In the attention formula, the scaling by $\sqrt{d_k}$ is equivalent to dividing scores by temperature $T = \sqrt{d_k}$. Without this scaling, dot products of $d_k$-dimensional vectors have variance approximately $d_k$, causing the softmax to saturate into near-zero gradients for large $d_k$.
Role in the Transformer
In scaled dot-product attention, $d_k = 64$ (base model), so the scale factor is $\frac{1}{8}$. This scaling is applied to the raw QK dot product scores before the softmax, keeping gradients stable throughout training. It is a fixed, non-learned parameter in the standard Transformer.
Softmax temperature also appears at inference time as a sampling hyperparameter: by adjusting the temperature applied to the final output logits, one can control the diversity vs. determinism of generated tokens.
Variants
- Fixed scaling ($\frac{1}{\sqrt{d_k}}$): Used in the original Transformer and nearly all attention implementations.
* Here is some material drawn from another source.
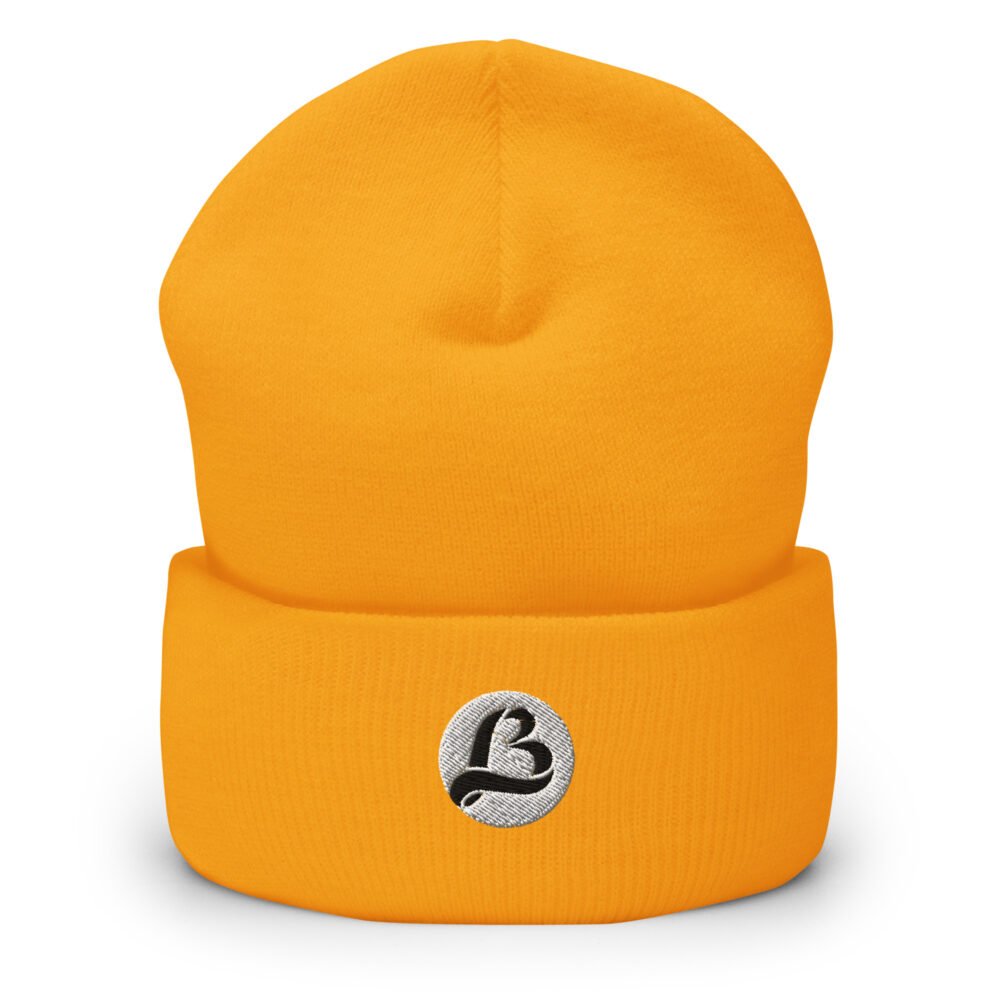 lb cuffed beanie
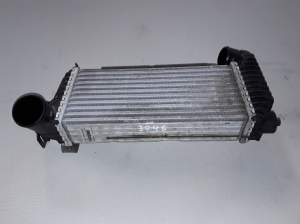  Intercooler radiator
- Learned temperature: Some architectures learn a per-head or global temperature parameter.
- Inference temperature: Applied to output logits during generation to control randomness. Distinct from attention temperature.
Key Papers
- Attention Is All You Need — introduced the $\sqrt{d_k}$ scaling and motivated it by the variance analysis of dot products.
Notes
- The temperature analogy comes from statistical mechanics (Boltzmann distribution). Lower temperature = more "confident" distribution.
- Attention temperature and output generation temperature are conceptually related but serve different roles and are tuned independently.